From: "Paul E. McKenney" <paulmck@linux.vnet.ibm.com>
To: Rakib Mullick <rakib.mullick@gmail.com>
Cc: Peter Zijlstra <peterz@infradead.org>,
mingo@kernel.org, linux-kernel@vger.kernel.org
Subject: Re: Add rq->nr_uninterruptible count to dest cpu's rq while CPU goes down.
Date: Tue, 28 Aug 2012 06:42:06 -0700 [thread overview]
Message-ID: <20120828134206.GH2961@linux.vnet.ibm.com> (raw)
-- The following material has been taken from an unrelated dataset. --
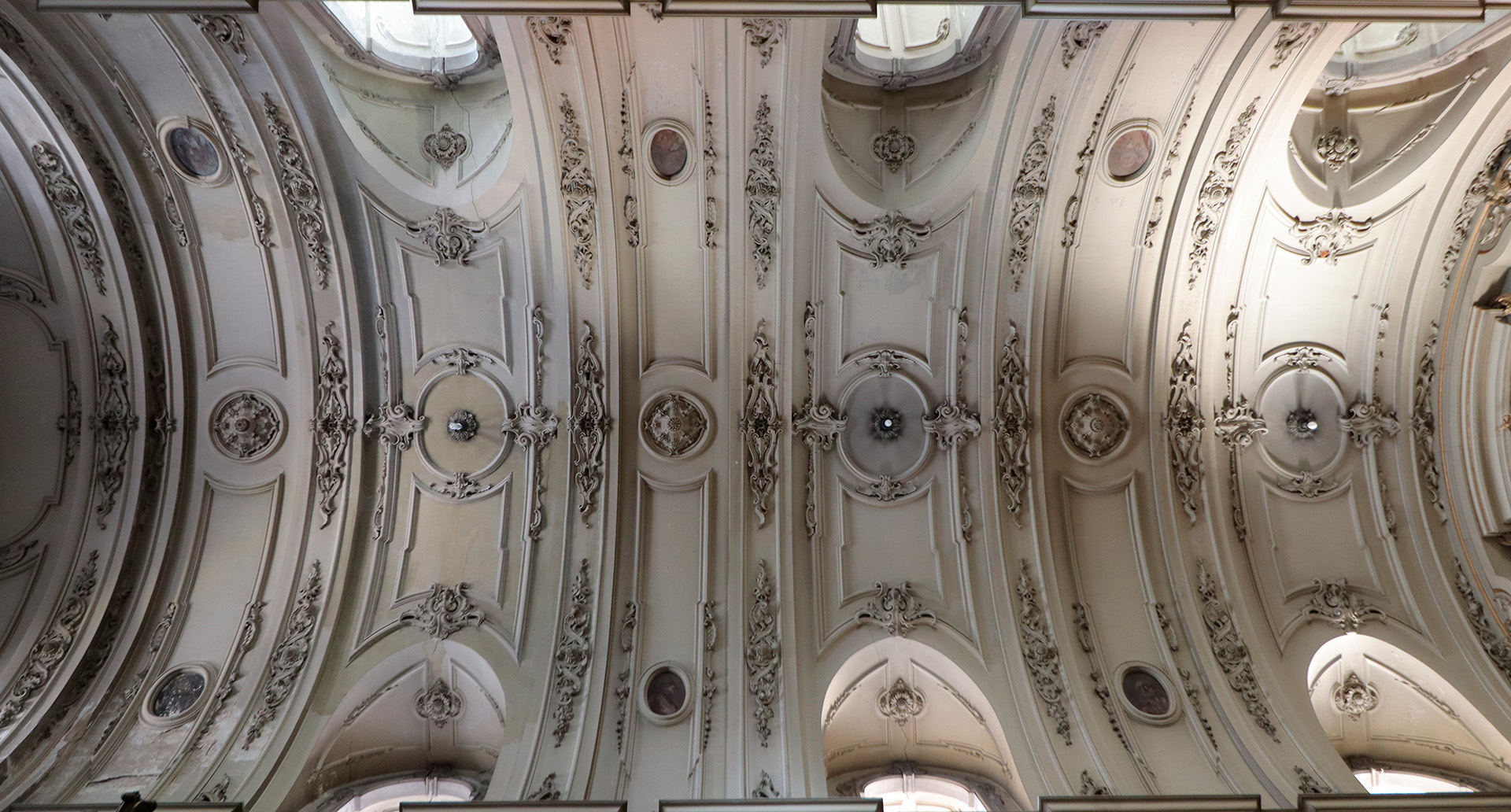 O Projeto de Conservação e Restauro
In-Reply-To: <CADZ9YHi-DGd71jxQpYyRfVUqdr-ks-znSeCtcBAccL7wRd3r5g@mail.gmail.com>
On Tue, Aug 28, 2012 at 12:57:09PM +0600, Rakib Mullick wrote:
> Hello Paul,
>
> On 8/28/12, Paul E. McKenney <paulmck@linux.vnet.ibm.com> wrote:
> > On Mon, Aug 20, 2012 at 09:26:57AM -0700, Paul E. McKenney wrote:
> >> On Mon, Aug 20, 2012 at 11:26:57AM +0200, Peter Zijlstra wrote:
> >
> > How about the following updated patch?
> >
> Actually, I was waiting for Peter's update.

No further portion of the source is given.